What you will do: Every line below from the one containing "Well Tailored Swimsuit" through the one containing "серебряное кольцо - Туркменбаши - img 1" is to be printed exactly, with the pictures omitted.

Exercise material:
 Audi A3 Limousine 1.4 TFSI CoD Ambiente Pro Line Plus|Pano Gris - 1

* * *

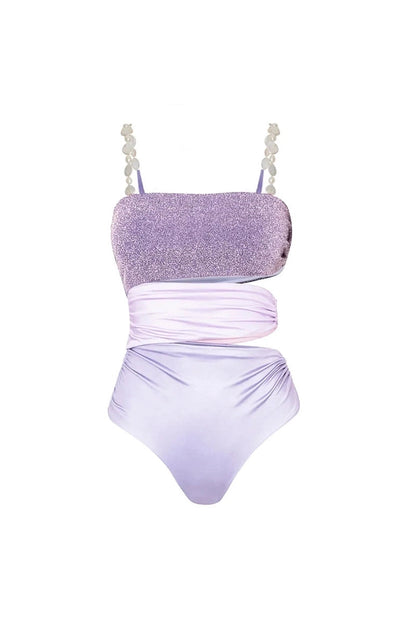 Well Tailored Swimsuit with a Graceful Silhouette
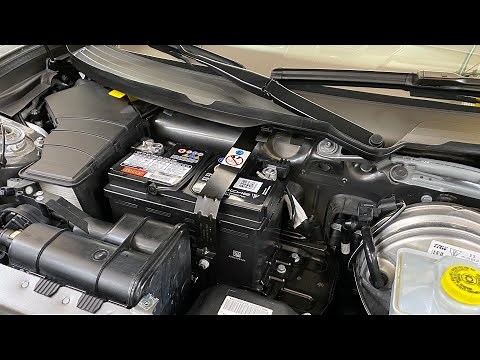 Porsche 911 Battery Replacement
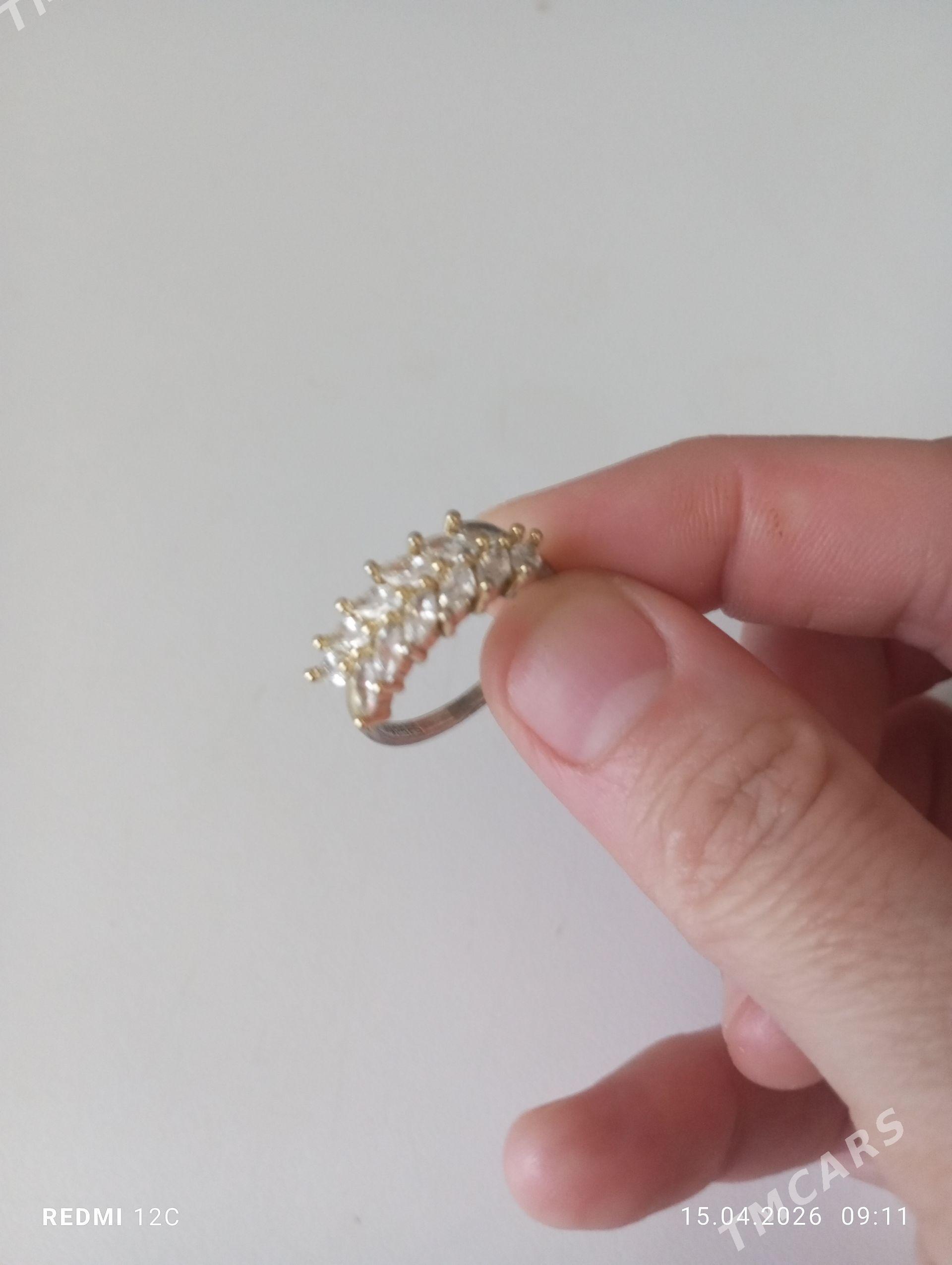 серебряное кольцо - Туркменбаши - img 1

---

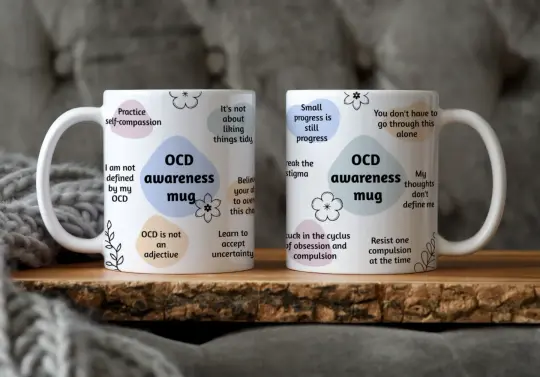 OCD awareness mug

Your response:
 Well Tailored Swimsuit with a Graceful Silhouette
 Porsche 911 Battery Replacement
 серебряное кольцо - Туркменбаши - img 1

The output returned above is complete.